Coverage report is also available for data nodes containing aligned reads (Aligned reads, Trimmed reads, or Filtered reads). The purpose of the report is to understand how well the genomic regions of interest are covered by sequencing reads for a particular analysis.

When setting up the task (Figure 1), you first need to specify the Genome build and then a Gene/feature annotation file, which defines the genomic regions you are interested in (e.g. exome or genes within a panel). The Gene/feature annotation can be previously associated with Partek^® Flow^® via Library File Management or added on the fly.

Complete coverage report will contain percentage of bases within the specified genes / features with coverage greater than or equal to the coverage levels defined under Add minimum coverage levels. To add a level, click on the green plus . Alternatively, to remove it, click on the red cross icon.

As for the Advanced options, if Strand-specificity is turned on, only reads which match the strand of a given region will be considered for that region’s coverage statistics.

Generate target enrichment graphs will generate a graphical overview of coverage across each feature.

When Use multithreading is checked, the computation will utilize multiple CPUs. However, if the input or output data is on some file systems like GPFS file system, which doesn't support well on multi-thread tasks, unchecking this option will prevent task failures.
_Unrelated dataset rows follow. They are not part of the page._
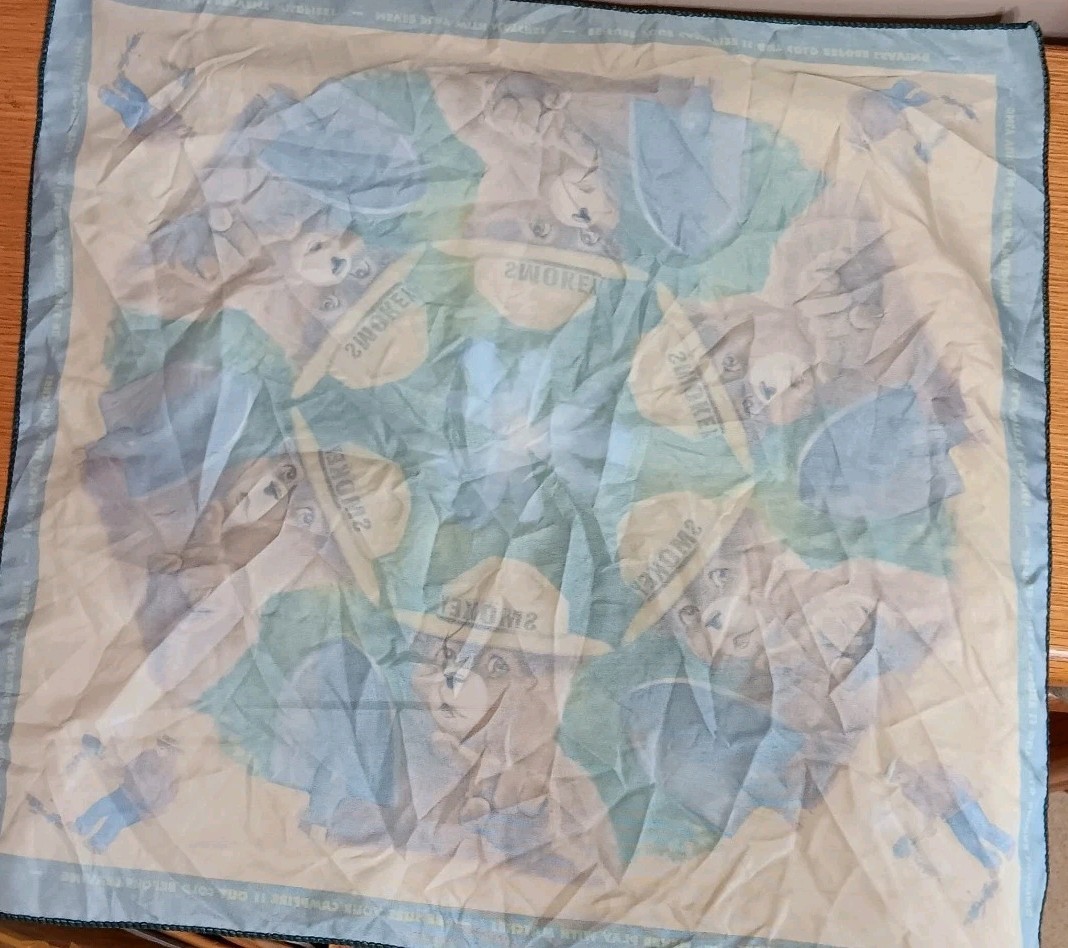 Vintage Smokey The Bear Hankerchief Scarf 20″ Only You Can Prevent Forest Fires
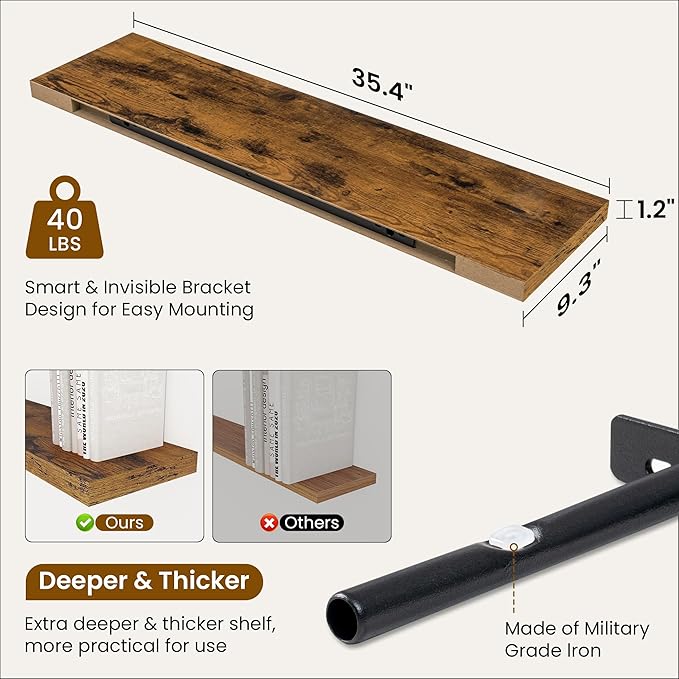 Fun Memories 36 Inch Floating Shelves, 9.3 Inch Deep Rustic Wall Shelves - Extra Deeper Wall Mounted Storage Shelves for Bathroom, Kitchen, Living Room (Brown, Set of 2)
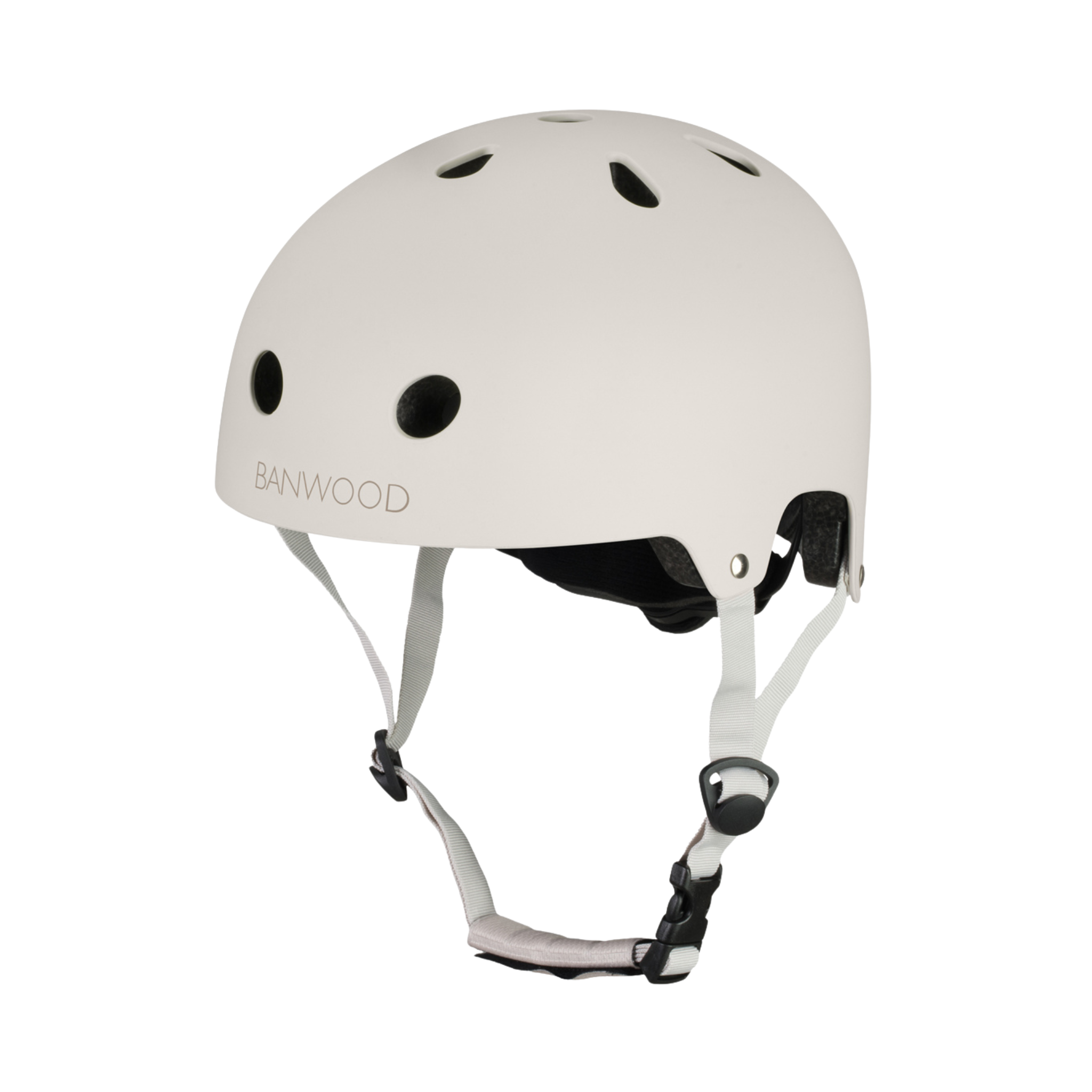 The Banwood Eco Helmet Ivory by BANWOOD is an eco-friendly helmet with multiple air vents and an adjustable chin strap made from durable recycled ABS materials, featuring the "Banwood" logo on the front for safety, comfort, and sustainability.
Figure 1. Setting up Coverage report. The example on the figure shows the use of a custom annotation file, CRCTargets, which defines target regions for a targeted resequencing panel

Coverage report result page contains project-level overview and starts with a summary table, with one sample per row (Figure 2). The first few columns show the percentage of bases in the genomic features which are covered at the specified level (or higher) (default: 1×, 20×, 100×). Average coverage is defined as the sum of base calls of each base in the genomic features divided by the length of the genomic features. Similarly, Average quality is defined as the sum of average quality of those bases that cover the genomic features, divided by the length of covered genomic features. The last two columns show the number of On-tarted reads (overlapping the genomic features) and Off-target reads (not overlapping the features). The Optional columns link enables import of any meta-data present in the data table (Data tab).

Figure 2. Coverage report table showing one sample per row and key coverage metrics on columns

Quantification of on- and off-target reads is also displayed in the column chart below the table (Figure 3), showing each sample as a separate column and fraction of on-/off-target reads on the y-axis.
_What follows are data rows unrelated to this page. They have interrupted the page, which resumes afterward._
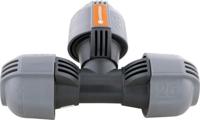 GARDENA T-stuk voor sprinklersysteem: Buisverbinder voor verdelen van aanvoerbuis, 25 mm, Quick & Easy verbindingstechniek, compatibel met GARDENA aanvoerbuis 25 mm, gereedschapsloze montage (2771-20)
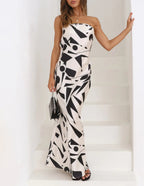 Abstract Geometric Print Strapless Satin Maxi Dress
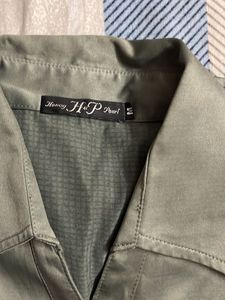 Green Button-Down Top Satin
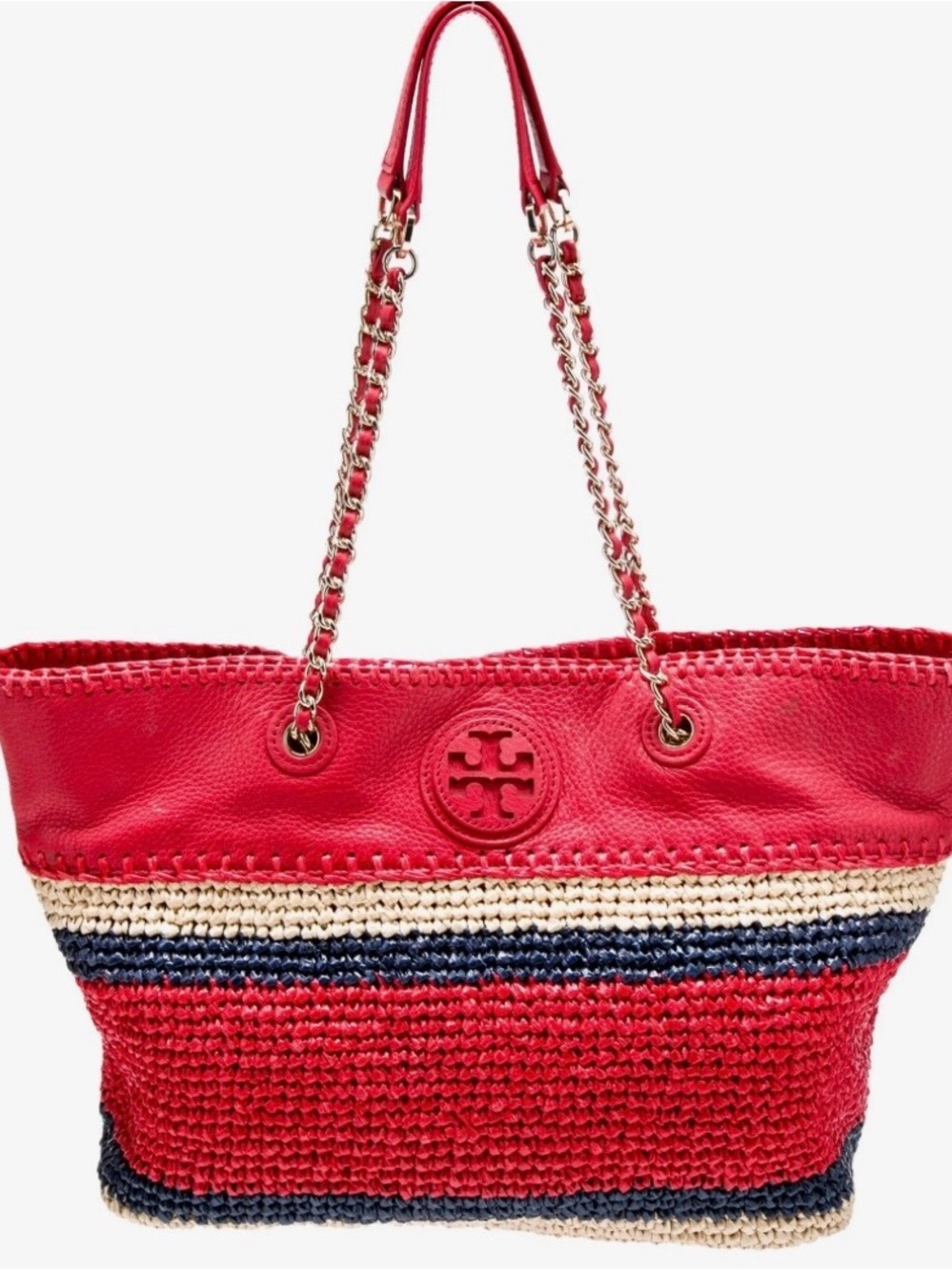 Tory Burch Red Straw & Leather Tote Bag with Chain Handles
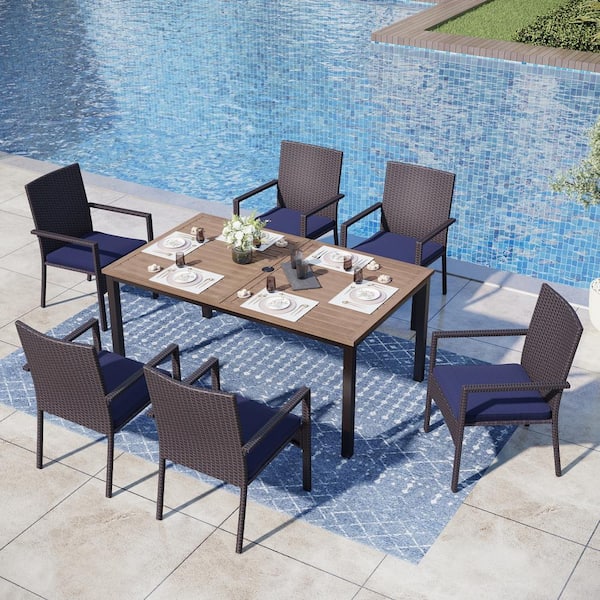 PHI VILLA Black 7-Piece Metal Patio Outdoor Dining Set with Straight-Leg Rectangle Table and Rattan Chair with Blue Cushion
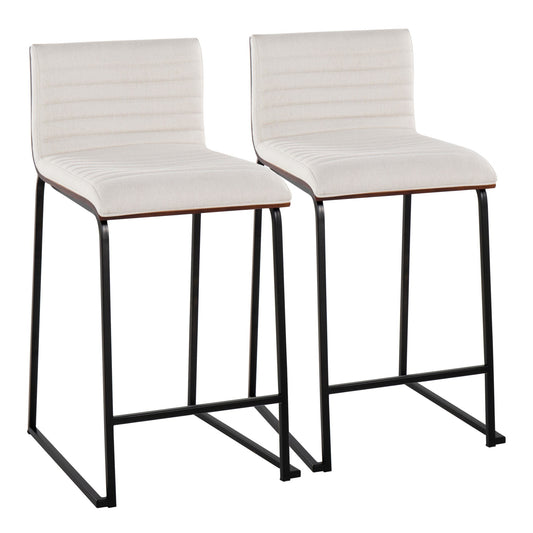 Mason Mara 26" Contemporary Fixed-Height Counter Stool in Black Metal, Walnut Wood and Cream Fabric By LumiSource - Set of 2 | Counter Stools | Modishstore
Figure 3. On-target vs. off-target chart. Each column is a sample. Fraction of reads on- or off-target is on the y-axis

Region coverage summary hyperlink opens a new page, with a table showing average coverage for each region (rows), across the samples (columns) (Figure 4).

Figure 4. Region average coverage summary (truncated). Regions are on rows, samples on columns. The icon in the right-most column opens a coverage graph for that region

 The browser icon in the right-most column () of the Region average coverage summary table opens the Coverage graph for the respective region (Figure 5). The horizontal axis is the normalized position within the genomic feature, represented as 1st to 100th percentile of the length of the feature. The vertical axis is coverage. Each line on the plot is a single sample, and the samples are listed below the plot.
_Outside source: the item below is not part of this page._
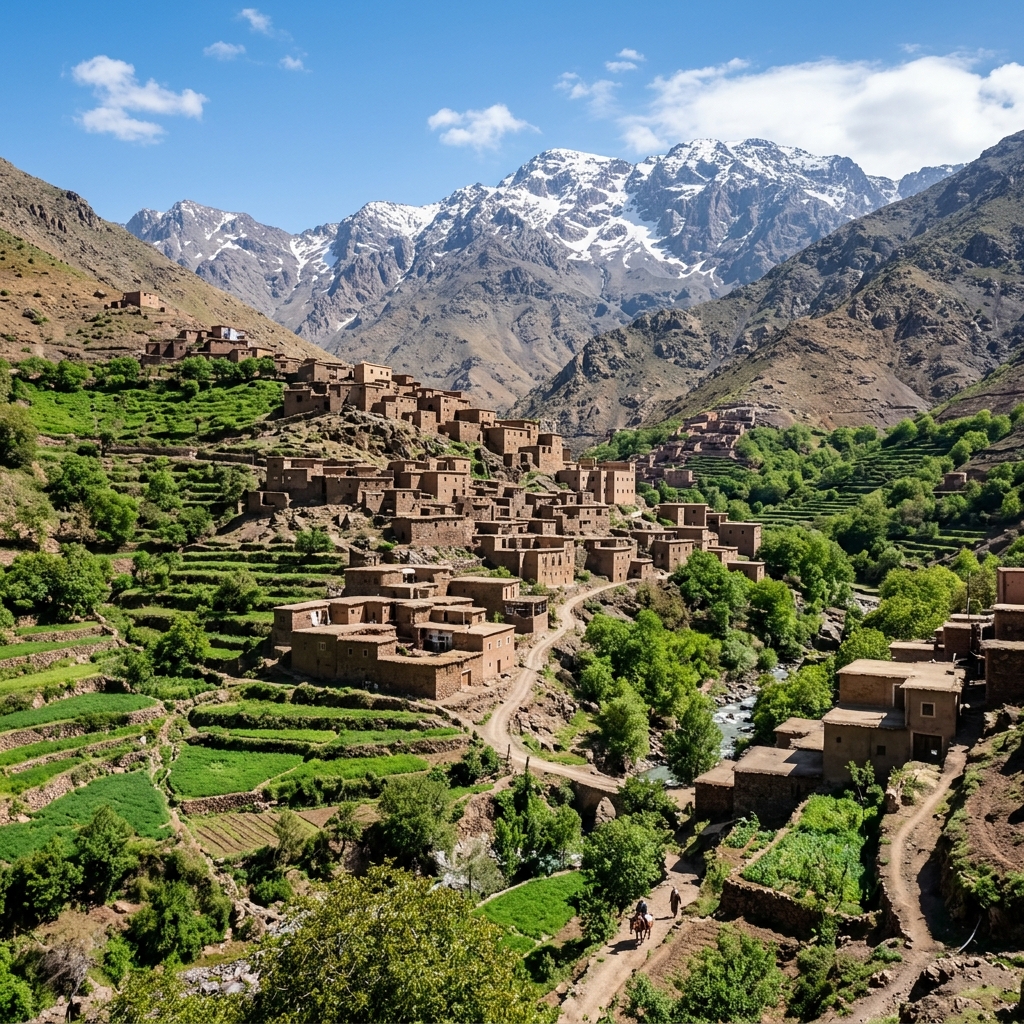 Imlil village terraced fields and Mount Toubkal peaks High Atlas Morocco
Figure 5. Coverage report of a genomic region (in this example NM_000038). The horizontal axis is the normalized position within the genomic feature, represented as 1st to 100th percentile of the length of the feature. The vertical axis is coverage. Each line on the plot is a single sample, and the samples are listed below the plot

 The Coverage summary (Figure 6) plot is an overview of coverage across of the targeted genomic features for all the samples in the project. Each line within the plot is a single sample, the horizontal axis is the normalized position within the genomic feature, represented as 1st to 100th percentile of the length of the feature, while the vertical axis show the average coverage (across all the features for a given sample).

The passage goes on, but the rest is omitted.